──────── RECORDS TO PROCESS ────────

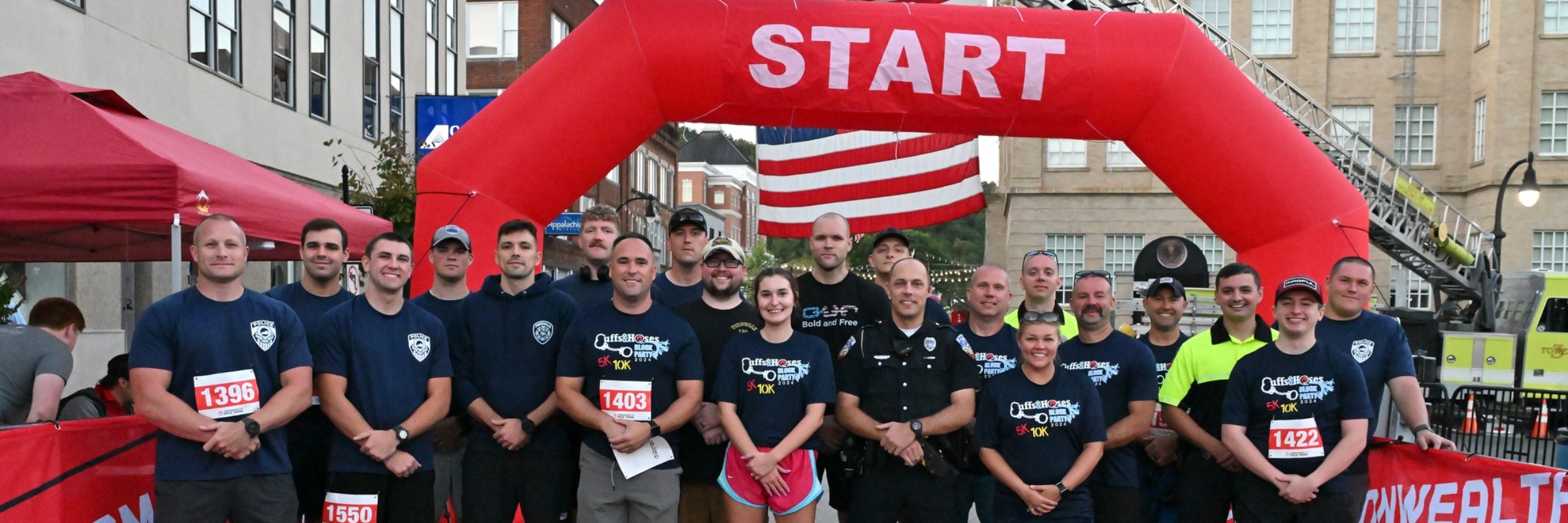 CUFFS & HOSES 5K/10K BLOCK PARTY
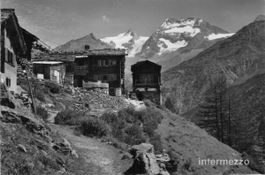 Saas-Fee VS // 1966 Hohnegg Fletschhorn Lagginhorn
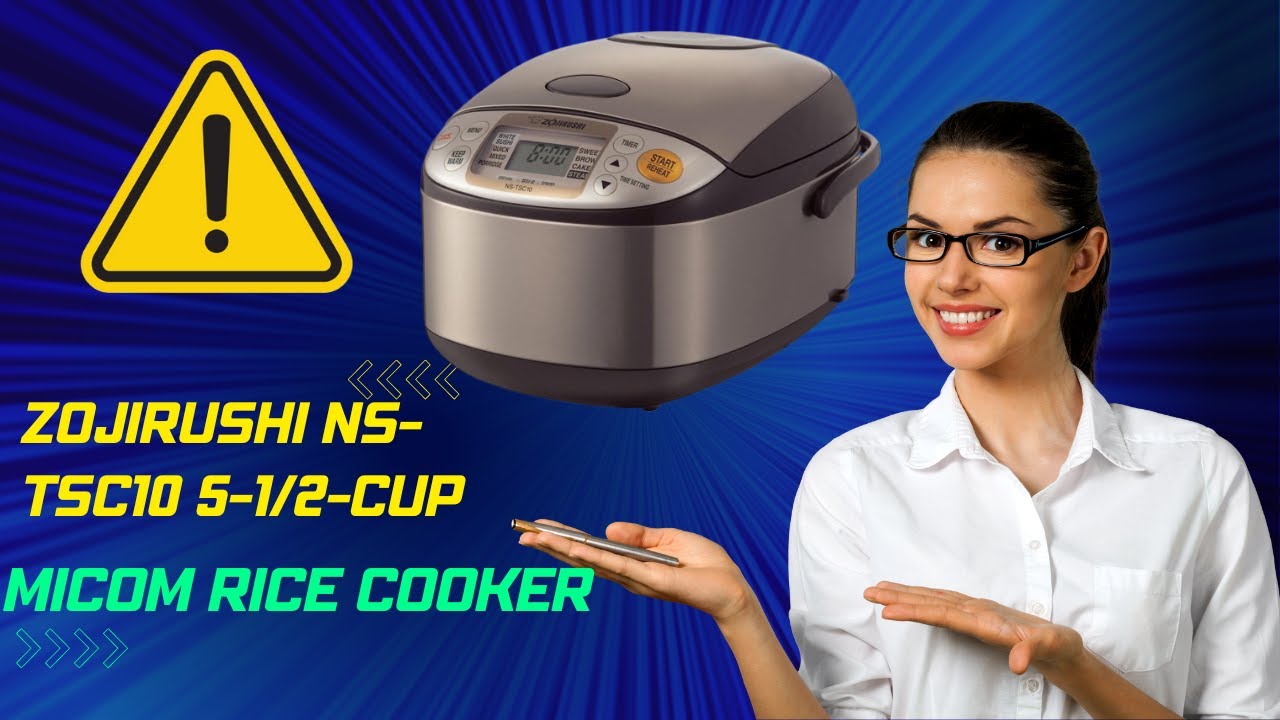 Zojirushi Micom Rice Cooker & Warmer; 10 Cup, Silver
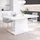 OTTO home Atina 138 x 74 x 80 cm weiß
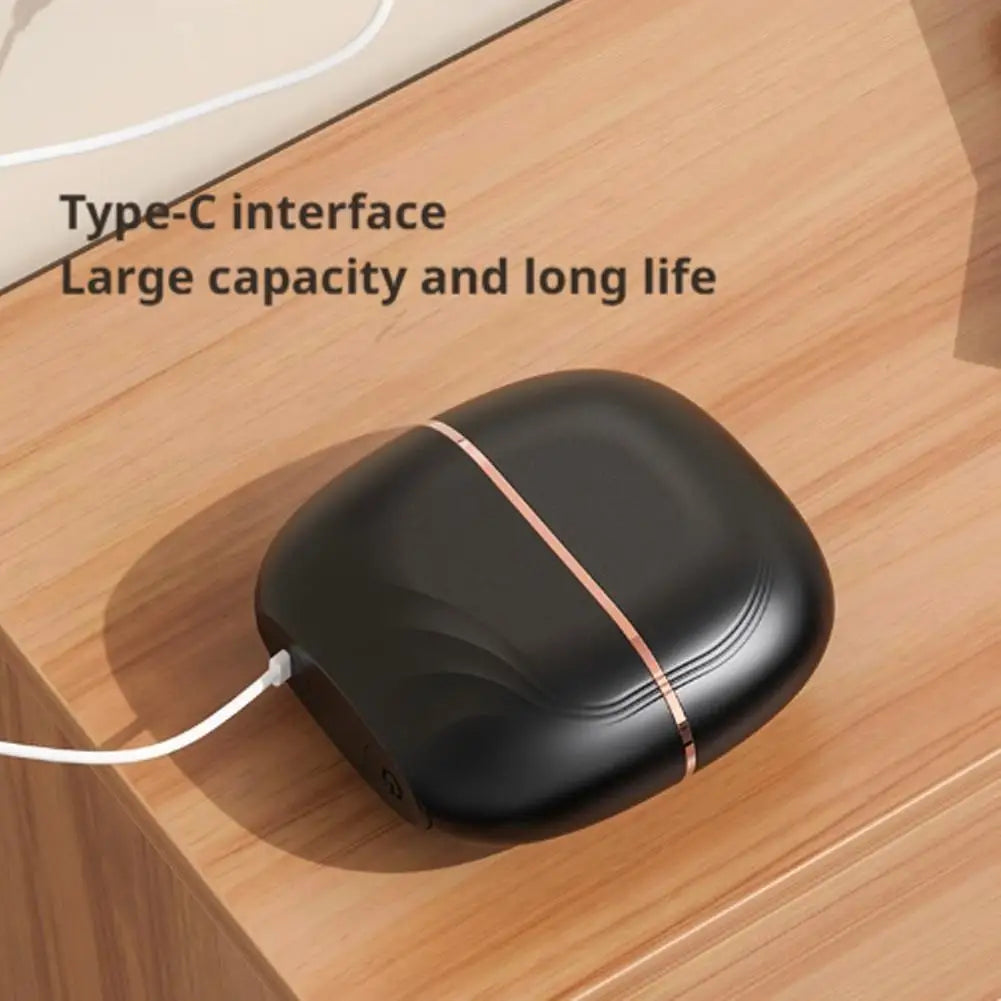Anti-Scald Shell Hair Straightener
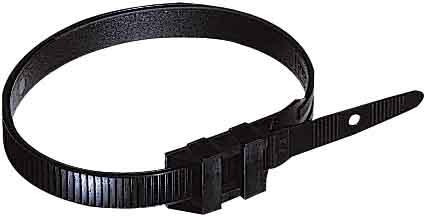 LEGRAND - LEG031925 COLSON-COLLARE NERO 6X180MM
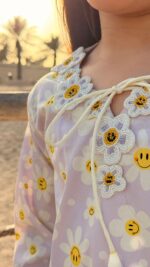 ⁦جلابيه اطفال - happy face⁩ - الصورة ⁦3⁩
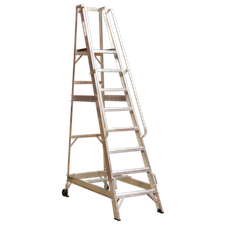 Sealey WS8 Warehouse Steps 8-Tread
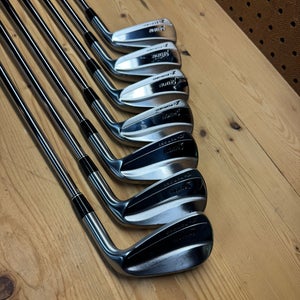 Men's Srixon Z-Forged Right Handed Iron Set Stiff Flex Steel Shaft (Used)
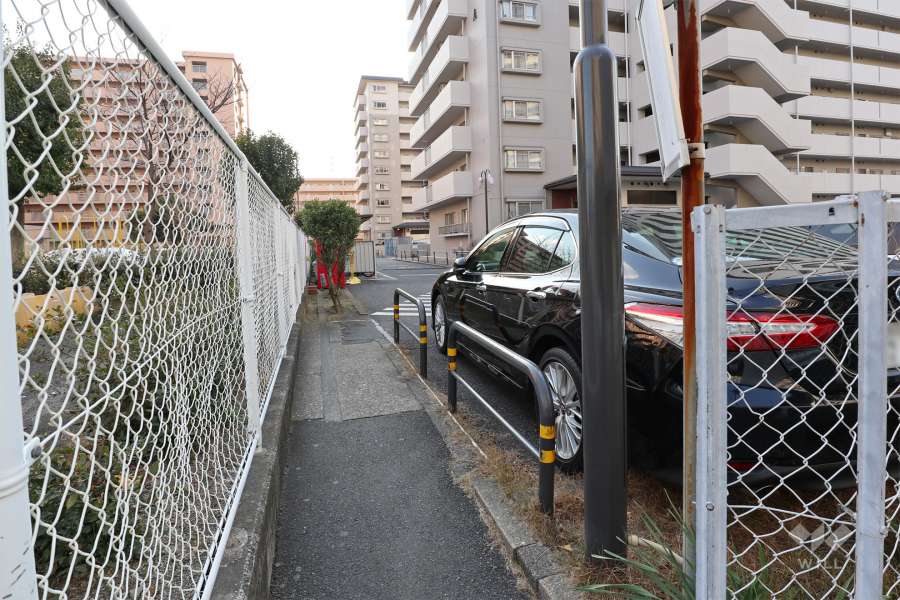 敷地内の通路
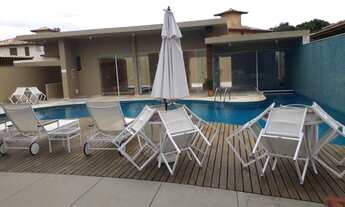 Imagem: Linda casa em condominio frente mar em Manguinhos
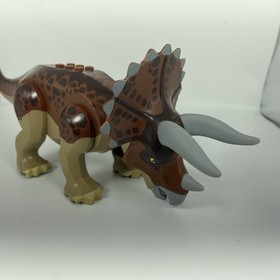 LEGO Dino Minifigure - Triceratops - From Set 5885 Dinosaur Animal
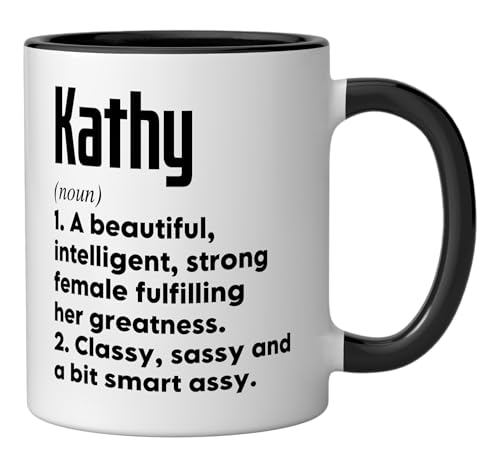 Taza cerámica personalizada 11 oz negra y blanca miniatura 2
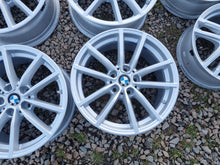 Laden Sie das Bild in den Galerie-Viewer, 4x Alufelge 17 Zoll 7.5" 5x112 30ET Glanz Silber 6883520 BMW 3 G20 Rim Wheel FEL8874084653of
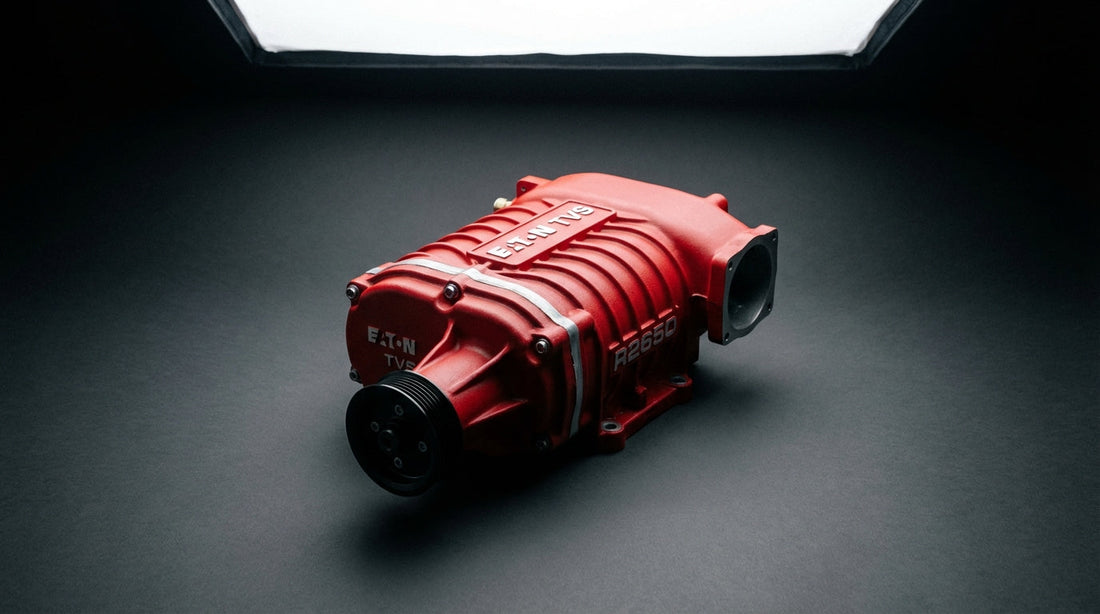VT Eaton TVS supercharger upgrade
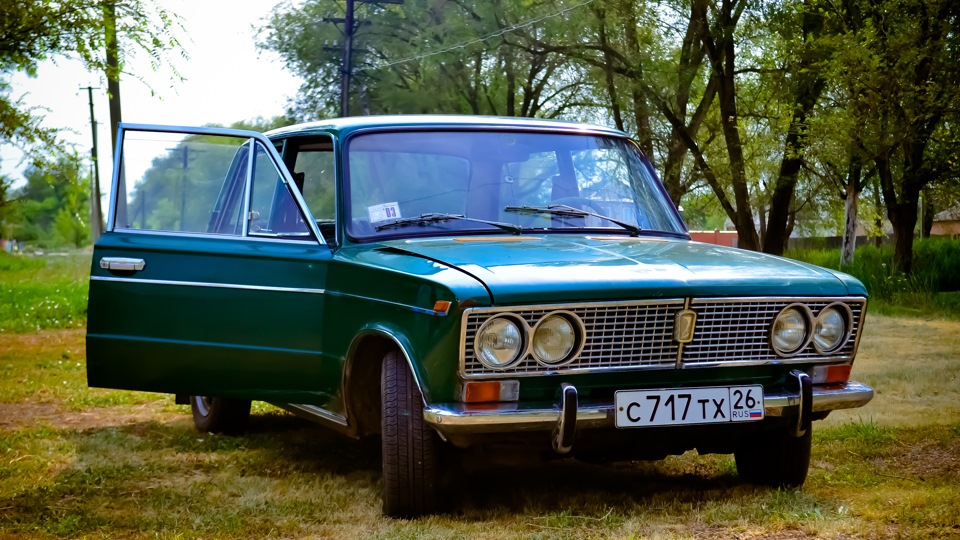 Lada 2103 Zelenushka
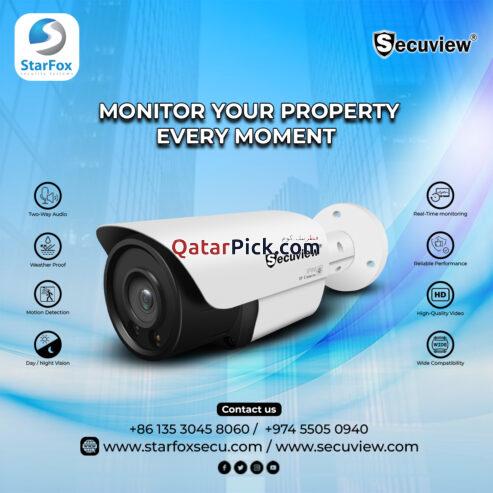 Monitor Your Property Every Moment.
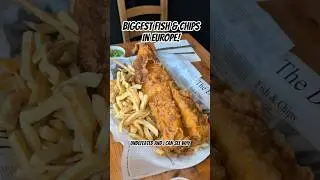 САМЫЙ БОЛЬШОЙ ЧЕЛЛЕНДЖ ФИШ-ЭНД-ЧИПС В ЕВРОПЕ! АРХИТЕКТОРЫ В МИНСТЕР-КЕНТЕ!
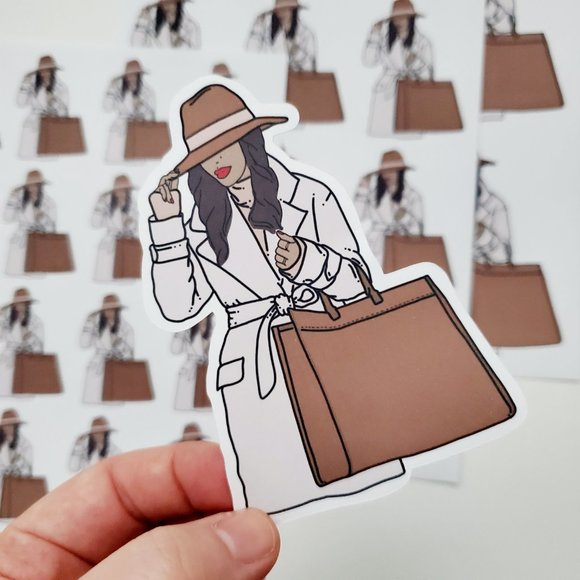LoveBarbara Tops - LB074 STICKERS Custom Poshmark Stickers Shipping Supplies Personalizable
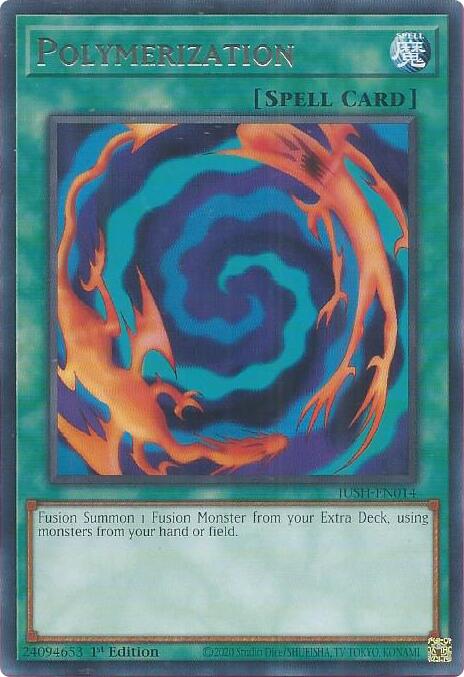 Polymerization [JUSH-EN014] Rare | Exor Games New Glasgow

────────

All lines from the start of the entries through the one with "Laden Sie das" are to be output exactly; omit the pictures.

■ TASK OUTPUT
 CUFFS & HOSES 5K/10K BLOCK PARTY
 Saas-Fee VS // 1966 Hohnegg Fletschhorn Lagginhorn
 Zojirushi Micom Rice Cooker & Warmer; 10 Cup, Silver
 OTTO home Atina 138 x 74 x 80 cm weiß
Anti-Scald Shell Hair Straightener
 LEGRAND - LEG031925 COLSON-COLLARE NERO 6X180MM
 ⁦جلابيه اطفال - happy face⁩ - الصورة ⁦3⁩
 Sealey WS8 Warehouse Steps 8-Tread
 Men's Srixon Z-Forged Right Handed Iron Set Stiff Flex Steel Shaft (Used)
 敷地内の通路
 Imagem: Linda casa em condominio frente mar em Manguinhos
 LEGO Dino Minifigure - Triceratops - From Set 5885 Dinosaur Animal
 Taza cerámica personalizada 11 oz negra y blanca miniatura 2
 Laden Sie das Bild in den Galerie-Viewer, 4x Alufelge 17 Zoll 7.5" 5x112 30ET Glanz Silber 6883520 BMW 3 G20 Rim Wheel FEL8874084653of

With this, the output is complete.